Your work and earnings situation may have changed, and the value of your pensions and investments will almost certainly have taken an unexpected hit.
However, your retirement plan may still be achievable with some careful consideration and by creating a detailed plan for your assets and how they can be used.
We are here to help!
Talk to us about your retirement plans
Lines are open 8 am to 10 pm – 7 days a week.
Why advice is essential:
The reality is that pensions are more complicated than many people imagine. Getting the most out of them requires specialist advice to avoid common pitfalls which might seriously damage your wealth.
Asset classes: When the markets fall (or rise) not all of the investments held inside a pension are affected in the same manner. Some are held as Cash, which is less susceptible to market changes (up or down). Equities (stock and shares) are usually managed by investment teams and will almost certainly be affected by large swings in the stock market. Property, Corporate Bonds and Government Gilts are also held as assets within certain funds. These are much less volatile than equities, and such can provide a steadying influence on a good portfolio. They will fluctuate in value to a much lesser degree than stocks and shares; commercial and residential property funds for example are unlikely to suffer a huge loss on a daily basis!

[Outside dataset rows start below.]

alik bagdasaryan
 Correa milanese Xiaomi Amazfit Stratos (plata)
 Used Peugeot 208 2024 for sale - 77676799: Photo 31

The makeup of your pension portfolio is derived by your attitude to risk, your pension provider, and the funds either you, or your financial adviser choose for you. A well-balanced portfolio will consist of a range of funds, and assets classes and will provide exposure to worldwide markets, where appropriate.
So, despite the recent falls in the FTSE generally, the situation might not be as bad as you think. Don’t assume that your retirement plans are no longer achievable and seek advice from someone who can thoroughly review your pensions and your individual situation to create an up to date, achievable retirement plan.
The two examples below show how we have helped our clients and may help you to think differently.
We have set up a designated helpline if you find yourself in this situation.
For impartial advice that could get your retirement plans back on track call: 0330 353 057
Case study One
Colin was planning to reduce his hours to three days a week, with the eventual goal of retiring fully in three years’ time. Suddenly, thinking this financial crisis had affected his investments, Colin was resigned to having to continue working full time. We were able to restructure his plan.
How did we do this – using his savings, ISA’s, and the cash asset element of his investments (which hadn’t been affected by the downturn in the markets), and by planning to downsize his home in 10 years rather than 15, he still has sufficient assets to achieve his goals. By his eventual full retirement, the value of his other assets should have recovered, with careful professional management.
One thing many clients, including Colin, didn’t factor in was State Pension and growing older! As Colin’s state pension is due in 4 years- time, this will reduce the demand on his savings and pension funds, and in actual fact as he gets beyond 75, his income requirement is likely to reduce compared to today, further reducing demand on his other pots.
Case study Two
Mark is one of our retired clients, and as a relatively cautious chap, He has been taking a regular income from his pensions and was worried that the fall in the markets meant he would be withdrawing money when the markets were at a low ebb, damaging his overall financial goals. we have earmarked roughly 3 years’ worth of cash within his Reeves Pension & Investment portfolio. Planning realistically for future expected withdrawals is an integral and vital part of the retirement plan we create initially and review very regularly. They are key to creating a meaningful, accurate income and investment strategy.
In Marks case, by retaining either cash or a “short term” investment portfolio we can cater for the income he needs for 3 years in a lower risk environment. He doesn’t have to worry about the daily performance of the markets and world events. We can then allow the remaining investments more freedom to look at the longer-term opportunities via equity-based funds for greater returns over time. Mark, like many of our clients has a wife and grown up children, and his ultimate desire is to enjoy his own retirement, but to continue to build wealth and leave as much as he can to those he eventually leaves behind.